[INPUT Boundary: Start]

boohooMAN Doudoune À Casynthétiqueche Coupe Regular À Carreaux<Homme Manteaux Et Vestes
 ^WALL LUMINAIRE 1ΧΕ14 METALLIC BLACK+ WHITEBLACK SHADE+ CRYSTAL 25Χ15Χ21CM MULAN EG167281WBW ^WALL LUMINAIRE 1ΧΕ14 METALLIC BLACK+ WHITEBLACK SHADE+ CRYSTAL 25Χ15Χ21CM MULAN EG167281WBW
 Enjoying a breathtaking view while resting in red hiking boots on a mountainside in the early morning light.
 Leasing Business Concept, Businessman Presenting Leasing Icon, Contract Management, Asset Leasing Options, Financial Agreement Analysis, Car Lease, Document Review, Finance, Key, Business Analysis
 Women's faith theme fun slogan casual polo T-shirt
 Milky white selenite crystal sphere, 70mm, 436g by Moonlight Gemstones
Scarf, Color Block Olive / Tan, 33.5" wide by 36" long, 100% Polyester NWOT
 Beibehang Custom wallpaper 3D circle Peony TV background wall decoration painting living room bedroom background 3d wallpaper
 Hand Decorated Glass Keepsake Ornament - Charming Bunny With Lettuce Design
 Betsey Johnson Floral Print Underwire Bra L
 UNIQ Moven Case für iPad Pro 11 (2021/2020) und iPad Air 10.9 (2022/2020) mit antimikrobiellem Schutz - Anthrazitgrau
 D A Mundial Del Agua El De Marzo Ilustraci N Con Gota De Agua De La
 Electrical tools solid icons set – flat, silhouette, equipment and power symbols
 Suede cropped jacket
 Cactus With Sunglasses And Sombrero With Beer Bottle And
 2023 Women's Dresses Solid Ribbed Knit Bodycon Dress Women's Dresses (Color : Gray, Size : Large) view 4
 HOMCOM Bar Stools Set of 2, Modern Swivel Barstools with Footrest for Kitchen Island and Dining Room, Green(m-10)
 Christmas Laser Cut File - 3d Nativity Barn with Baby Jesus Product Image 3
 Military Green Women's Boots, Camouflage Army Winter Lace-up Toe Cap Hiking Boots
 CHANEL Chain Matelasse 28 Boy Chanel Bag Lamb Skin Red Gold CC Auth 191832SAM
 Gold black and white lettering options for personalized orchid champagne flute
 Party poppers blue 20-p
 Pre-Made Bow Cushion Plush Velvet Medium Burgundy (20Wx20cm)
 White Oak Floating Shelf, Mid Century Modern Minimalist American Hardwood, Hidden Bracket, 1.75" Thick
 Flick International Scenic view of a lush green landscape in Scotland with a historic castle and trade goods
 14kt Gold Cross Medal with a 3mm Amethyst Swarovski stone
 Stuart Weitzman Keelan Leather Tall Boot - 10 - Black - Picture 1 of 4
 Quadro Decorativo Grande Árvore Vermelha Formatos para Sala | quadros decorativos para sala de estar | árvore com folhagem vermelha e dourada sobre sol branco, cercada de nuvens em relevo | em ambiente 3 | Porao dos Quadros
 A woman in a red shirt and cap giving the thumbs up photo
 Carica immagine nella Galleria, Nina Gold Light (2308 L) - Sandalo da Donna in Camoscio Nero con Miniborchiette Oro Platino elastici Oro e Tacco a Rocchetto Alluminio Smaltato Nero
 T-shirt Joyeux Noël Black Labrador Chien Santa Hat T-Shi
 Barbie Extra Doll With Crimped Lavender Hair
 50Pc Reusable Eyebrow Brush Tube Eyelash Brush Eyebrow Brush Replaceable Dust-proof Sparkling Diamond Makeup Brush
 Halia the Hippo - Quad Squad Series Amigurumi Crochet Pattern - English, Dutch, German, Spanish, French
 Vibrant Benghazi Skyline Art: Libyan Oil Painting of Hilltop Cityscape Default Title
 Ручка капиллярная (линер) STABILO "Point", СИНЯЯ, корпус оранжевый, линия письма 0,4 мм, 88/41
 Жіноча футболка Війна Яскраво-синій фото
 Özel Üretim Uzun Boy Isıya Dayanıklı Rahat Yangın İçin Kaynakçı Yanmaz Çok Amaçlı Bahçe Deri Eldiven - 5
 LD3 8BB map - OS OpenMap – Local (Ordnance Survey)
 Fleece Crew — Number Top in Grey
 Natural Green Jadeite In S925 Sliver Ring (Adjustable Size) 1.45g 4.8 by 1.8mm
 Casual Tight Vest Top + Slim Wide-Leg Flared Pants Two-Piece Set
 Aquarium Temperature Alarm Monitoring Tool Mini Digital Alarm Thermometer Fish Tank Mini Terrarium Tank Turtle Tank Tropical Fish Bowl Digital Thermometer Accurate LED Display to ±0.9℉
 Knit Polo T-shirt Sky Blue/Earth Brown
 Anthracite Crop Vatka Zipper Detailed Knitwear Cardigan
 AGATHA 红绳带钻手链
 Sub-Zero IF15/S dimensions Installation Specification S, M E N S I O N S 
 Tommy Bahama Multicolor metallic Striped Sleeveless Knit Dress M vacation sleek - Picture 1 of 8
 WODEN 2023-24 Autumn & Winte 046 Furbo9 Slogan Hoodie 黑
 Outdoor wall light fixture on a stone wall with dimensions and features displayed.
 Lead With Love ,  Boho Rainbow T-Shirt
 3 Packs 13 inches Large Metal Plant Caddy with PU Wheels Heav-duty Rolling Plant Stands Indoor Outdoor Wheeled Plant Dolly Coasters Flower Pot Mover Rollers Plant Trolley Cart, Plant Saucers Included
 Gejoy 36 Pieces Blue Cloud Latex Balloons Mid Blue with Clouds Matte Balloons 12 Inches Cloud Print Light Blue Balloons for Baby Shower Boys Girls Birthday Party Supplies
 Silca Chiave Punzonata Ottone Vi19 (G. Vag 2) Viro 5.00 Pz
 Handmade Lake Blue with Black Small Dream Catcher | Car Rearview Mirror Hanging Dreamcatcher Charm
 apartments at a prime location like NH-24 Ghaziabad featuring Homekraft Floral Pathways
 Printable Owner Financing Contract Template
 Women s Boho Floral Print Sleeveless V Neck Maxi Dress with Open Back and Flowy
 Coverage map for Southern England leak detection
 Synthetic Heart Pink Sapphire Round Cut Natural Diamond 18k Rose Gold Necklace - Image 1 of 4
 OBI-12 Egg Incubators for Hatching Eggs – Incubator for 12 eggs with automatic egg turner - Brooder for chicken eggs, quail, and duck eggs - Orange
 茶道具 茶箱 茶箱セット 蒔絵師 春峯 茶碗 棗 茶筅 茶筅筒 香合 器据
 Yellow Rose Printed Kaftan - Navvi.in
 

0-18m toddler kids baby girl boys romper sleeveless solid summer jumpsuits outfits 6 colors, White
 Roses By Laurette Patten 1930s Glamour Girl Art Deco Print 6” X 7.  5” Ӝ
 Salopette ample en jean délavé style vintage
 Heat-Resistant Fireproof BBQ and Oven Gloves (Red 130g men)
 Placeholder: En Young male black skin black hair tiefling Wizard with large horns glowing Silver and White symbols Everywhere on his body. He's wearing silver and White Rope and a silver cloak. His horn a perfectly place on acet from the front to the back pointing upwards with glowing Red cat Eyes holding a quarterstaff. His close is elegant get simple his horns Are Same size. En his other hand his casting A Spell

[INPUT Boundary: End]

#### YOUR INSTRUCTIONS:
Set down precisely the lines above between the line holding "Suede cropped jacket" and the line holding "Fleece Crew — Number Top in Grey", inclusive, and nothing beyond them.

#### SOLUTION:
 Suede cropped jacket
 Cactus With Sunglasses And Sombrero With Beer Bottle And
 2023 Women's Dresses Solid Ribbed Knit Bodycon Dress Women's Dresses (Color : Gray, Size : Large) view 4
 HOMCOM Bar Stools Set of 2, Modern Swivel Barstools with Footrest for Kitchen Island and Dining Room, Green(m-10)
 Christmas Laser Cut File - 3d Nativity Barn with Baby Jesus Product Image 3
 Military Green Women's Boots, Camouflage Army Winter Lace-up Toe Cap Hiking Boots
 CHANEL Chain Matelasse 28 Boy Chanel Bag Lamb Skin Red Gold CC Auth 191832SAM
 Gold black and white lettering options for personalized orchid champagne flute
 Party poppers blue 20-p
 Pre-Made Bow Cushion Plush Velvet Medium Burgundy (20Wx20cm)
 White Oak Floating Shelf, Mid Century Modern Minimalist American Hardwood, Hidden Bracket, 1.75" Thick
 Flick International Scenic view of a lush green landscape in Scotland with a historic castle and trade goods
 14kt Gold Cross Medal with a 3mm Amethyst Swarovski stone
 Stuart Weitzman Keelan Leather Tall Boot - 10 - Black - Picture 1 of 4
 Quadro Decorativo Grande Árvore Vermelha Formatos para Sala | quadros decorativos para sala de estar | árvore com folhagem vermelha e dourada sobre sol branco, cercada de nuvens em relevo | em ambiente 3 | Porao dos Quadros
 A woman in a red shirt and cap giving the thumbs up photo
 Carica immagine nella Galleria, Nina Gold Light (2308 L) - Sandalo da Donna in Camoscio Nero con Miniborchiette Oro Platino elastici Oro e Tacco a Rocchetto Alluminio Smaltato Nero
 T-shirt Joyeux Noël Black Labrador Chien Santa Hat T-Shi
 Barbie Extra Doll With Crimped Lavender Hair
 50Pc Reusable Eyebrow Brush Tube Eyelash Brush Eyebrow Brush Replaceable Dust-proof Sparkling Diamond Makeup Brush
 Halia the Hippo - Quad Squad Series Amigurumi Crochet Pattern - English, Dutch, German, Spanish, French
 Vibrant Benghazi Skyline Art: Libyan Oil Painting of Hilltop Cityscape Default Title
 Ручка капиллярная (линер) STABILO "Point", СИНЯЯ, корпус оранжевый, линия письма 0,4 мм, 88/41
 Жіноча футболка Війна Яскраво-синій фото
 Özel Üretim Uzun Boy Isıya Dayanıklı Rahat Yangın İçin Kaynakçı Yanmaz Çok Amaçlı Bahçe Deri Eldiven - 5
 LD3 8BB map - OS OpenMap – Local (Ordnance Survey)
 Fleece Crew — Number Top in Grey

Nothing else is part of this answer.